Aggrieved with the above assessment order, the assessee preferred an appeal before the CIT(A) who confirmed the addition.
Aggrieved with the order of the CIT(A), the assessee preferred the present appeal before the Tribunal.
Before the Tribunal, the assessee submitted a ledger extract of current account of the director for the transactions entered, maintained as per the books of the said Pvt. Ltd. company.
It was submitted that as per the ledger extract, though the both opening and closing balances were in debit, i.e. the assessee owed to the company. However, the closing balance at the end of the year was three times less than the opening balance. However, the AO had taken the closing balance amount and treated it as ‘deemed dividend’ u/s 2(22)(e) of the Act.
It was pointed out that during the year, the assessee had repaid the advances which were taken in the previous assessment year.
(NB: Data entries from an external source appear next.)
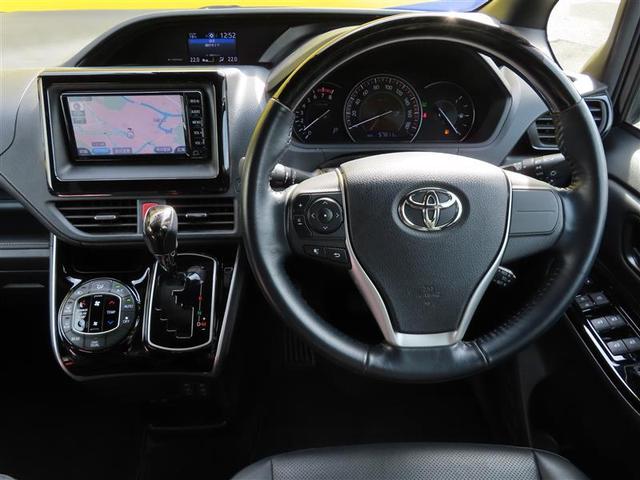 エスクァイア Gi 黒革シート ドライブレコーダ LEDヘッドライト アルミ 両側パワースライドドア ミュージックプレイヤー接続可 リアオートエアコン 寒冷地仕様 クルコン DVD 横滑防止装置 エアバッグ 4WD(2枚目)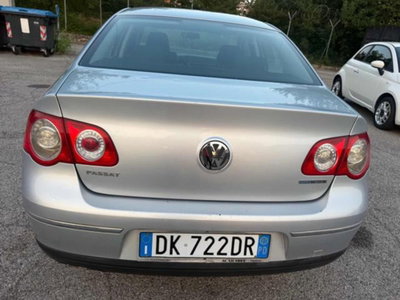 Volkswagen Passat 1.9 TDI/105CV DPF BlueMotion (20)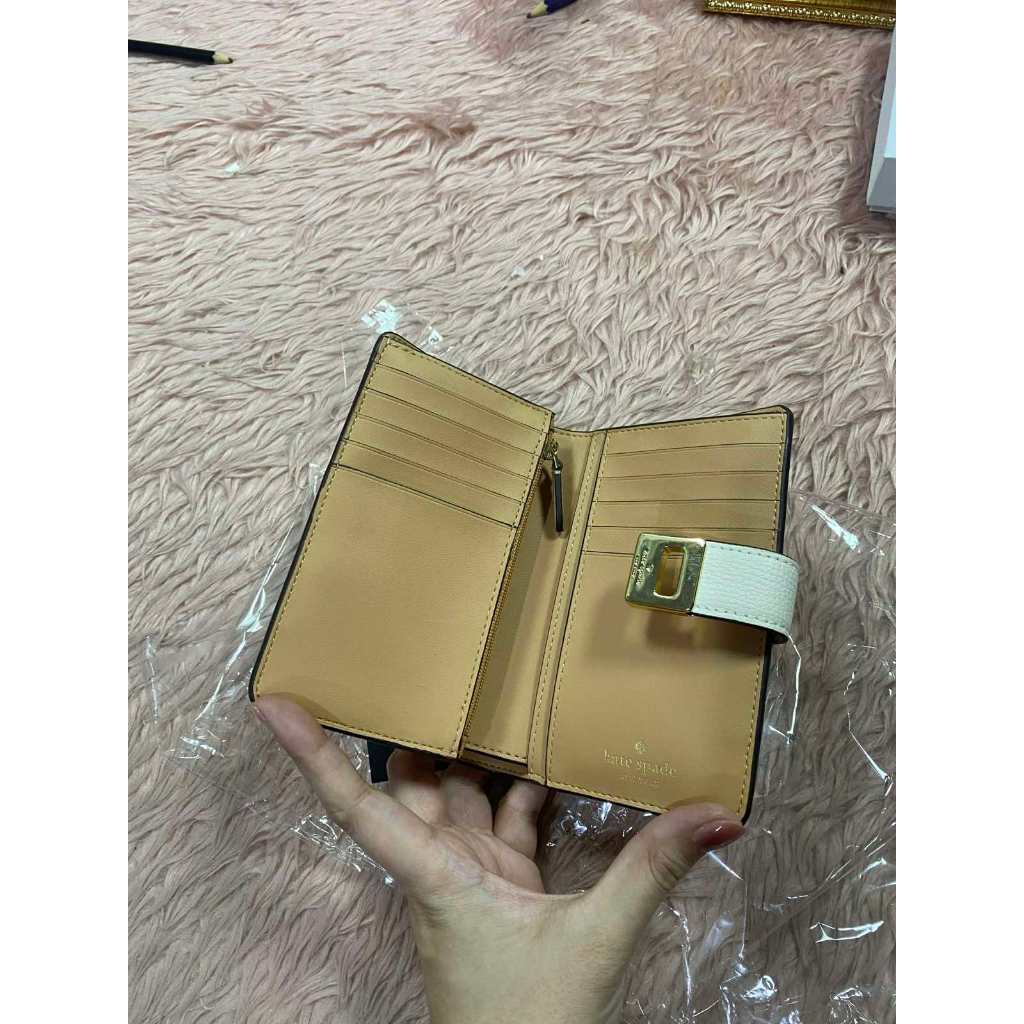 ORIG & IMPORTED KS Phoebe Medium White Bifold Wallet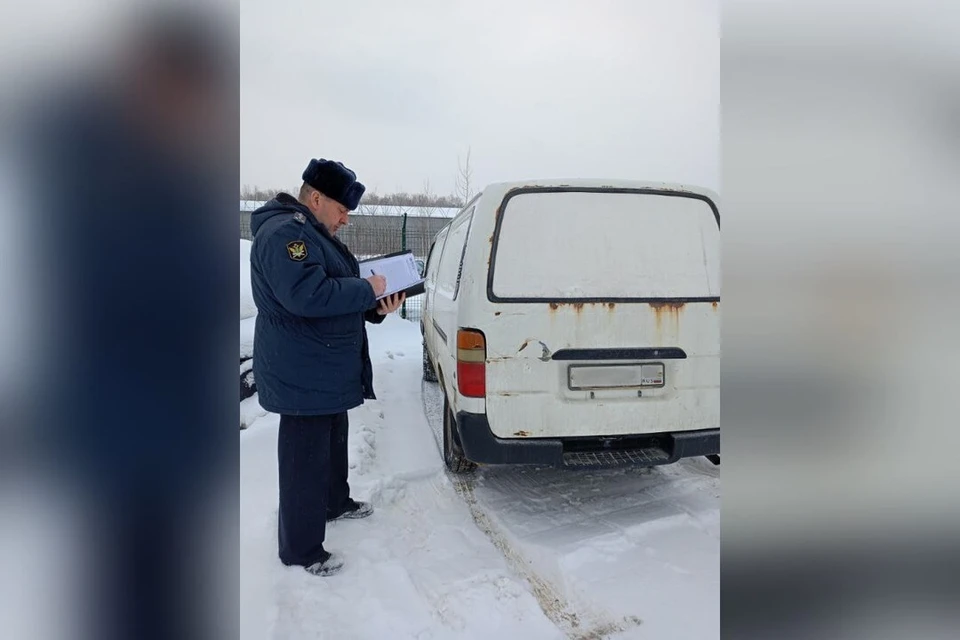 У новосибирца за долги в два миллиона рублей арестовали микроавтобус. ФОТО: ГУФССП по Новосибирской области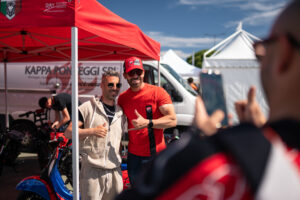 Cinquantini d'epoca ed elaborati alla 50cc Fever Fest di Lignano, raduno e mostra-scambio per appassionati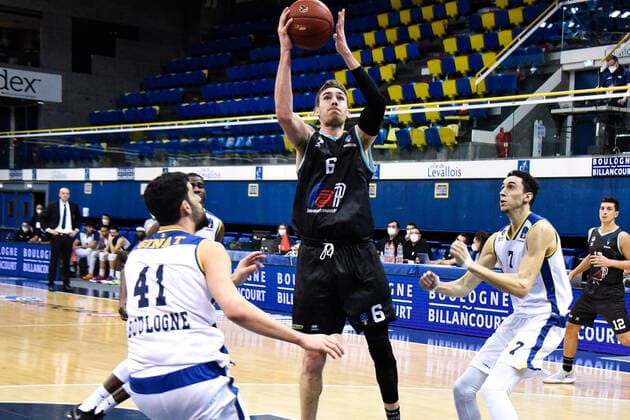 MICHINEAU David ( 6 - Metropolitans 92 ) - Tomer Ginat ( 41 - Metropolitans 92 ) - Maxime Roos ( 7 - Metropolitans 92 ) - BASKET : Metropolitans 92 vs Germani Brescia - Eurocup - 15 12 2020 FedericoPestellini Panoramic 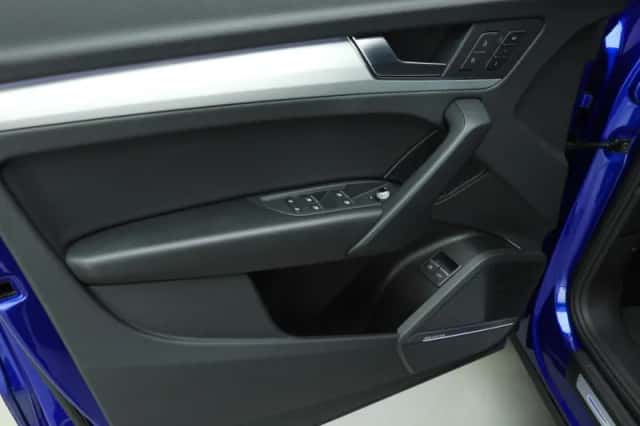 Audi Q5 (2021) thumbnail 24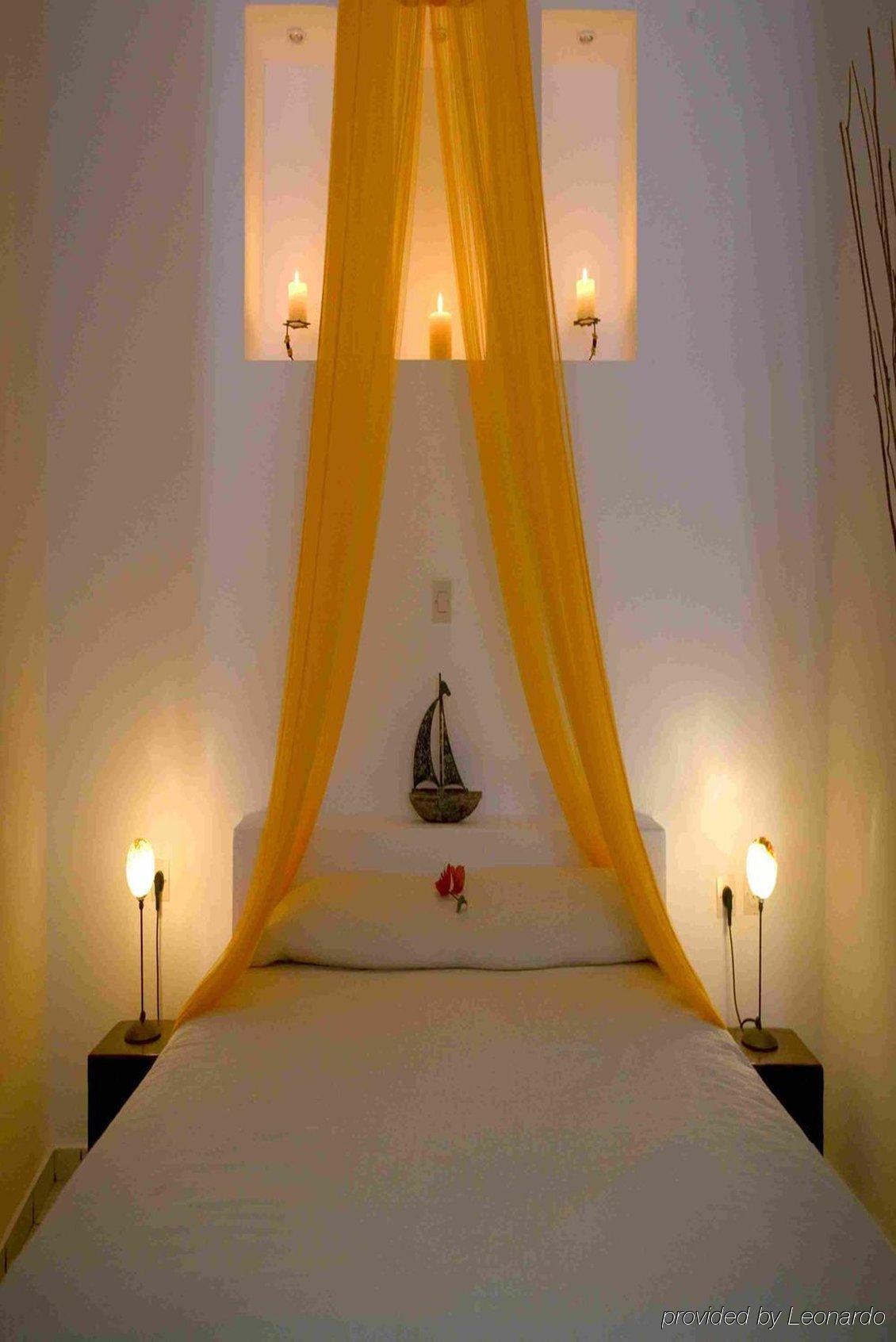 Tzekos Hotel Fira (Santorini)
Therefore when the assessee, during the year in question had not taken any fresh advances from the company, there was no reason for the Assessing Officer to make addition u/s. 2(22)(e) of the Act.
The Tribunal noted that there were three payments in the ledger accounts which were followed by certain bank transfers by the assessee to the company which could not be treated as funds adjustment and could not be treated as loan taken by the assessee.
The Tribunal opined that there was however one payment made by the company on behalf of the assessee which may be treated as advances, and falls u/s 2(22)(e).
The Tribunal stated that other than the above said one payment, the addition made by the Assessing Officer was nothing but closing balance of running account maintained by the company. There were no fresh loans or advances taken by the assessee during this relevant assessment year.
The Tribunal held that the addition made by the Assessing Officer except the one payment could not be treated as ‘deemed dividend’ as there was no fresh loan taken by the assessee.